**Supplied records:**

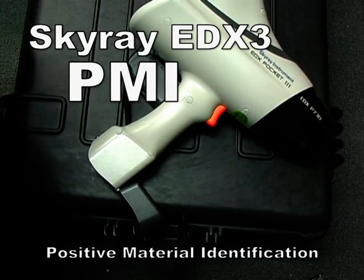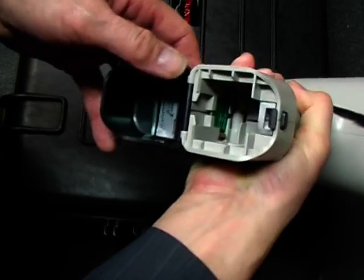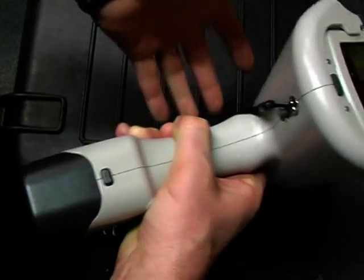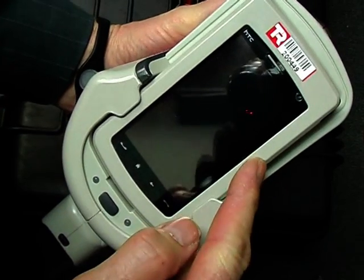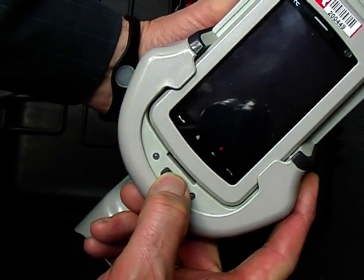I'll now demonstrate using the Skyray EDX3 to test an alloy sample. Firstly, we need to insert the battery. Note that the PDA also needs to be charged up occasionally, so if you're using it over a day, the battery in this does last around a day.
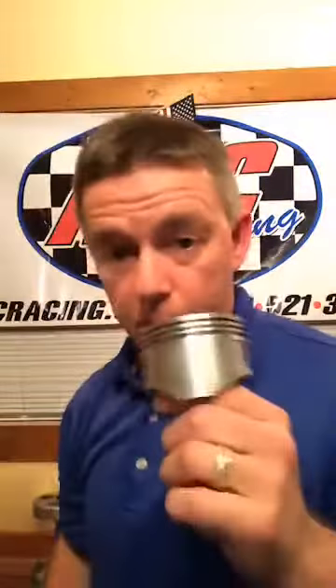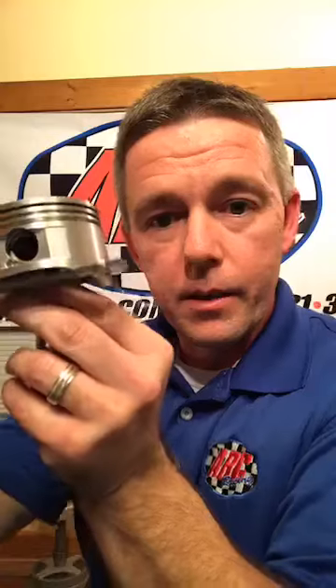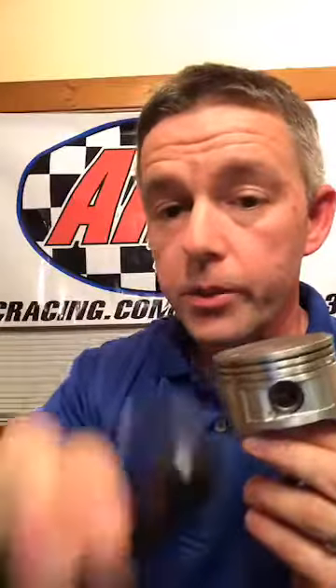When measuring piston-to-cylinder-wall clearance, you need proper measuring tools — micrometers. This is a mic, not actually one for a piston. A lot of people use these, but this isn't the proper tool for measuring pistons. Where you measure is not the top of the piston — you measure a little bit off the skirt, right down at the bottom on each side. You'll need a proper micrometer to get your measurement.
---
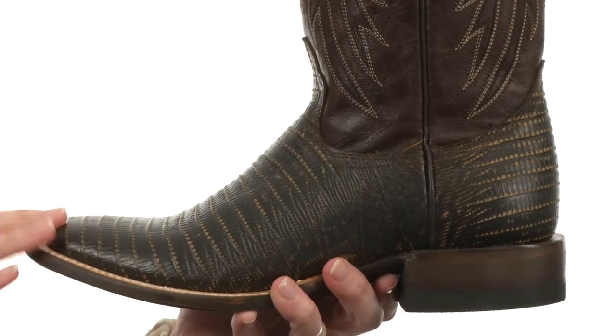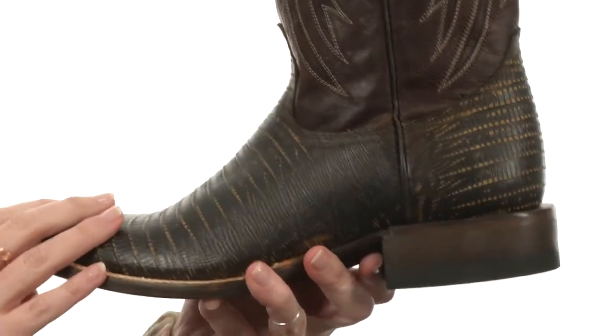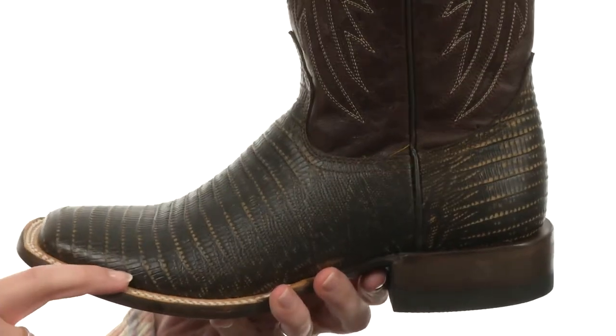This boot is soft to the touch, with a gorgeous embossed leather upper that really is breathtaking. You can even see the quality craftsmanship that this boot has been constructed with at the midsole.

**What to produce:**
Going back to the data above, write out everything from the line with "I'll now demonstrate" down to the line with "When measuring piston-to-cylinder-wall", both included, leaving every picture out.

**Exercise output:**
I'll now demonstrate using the Skyray EDX3 to test an alloy sample. Firstly, we need to insert the battery. Note that the PDA also needs to be charged up occasionally, so if you're using it over a day, the battery in this does last around a day.
When measuring piston-to-cylinder-wall clearance, you need proper measuring tools — micrometers. This is a mic, not actually one for a piston. A lot of people use these, but this isn't the proper tool for measuring pistons. Where you measure is not the top of the piston — you measure a little bit off the skirt, right down at the bottom on each side. You'll need a proper micrometer to get your measurement.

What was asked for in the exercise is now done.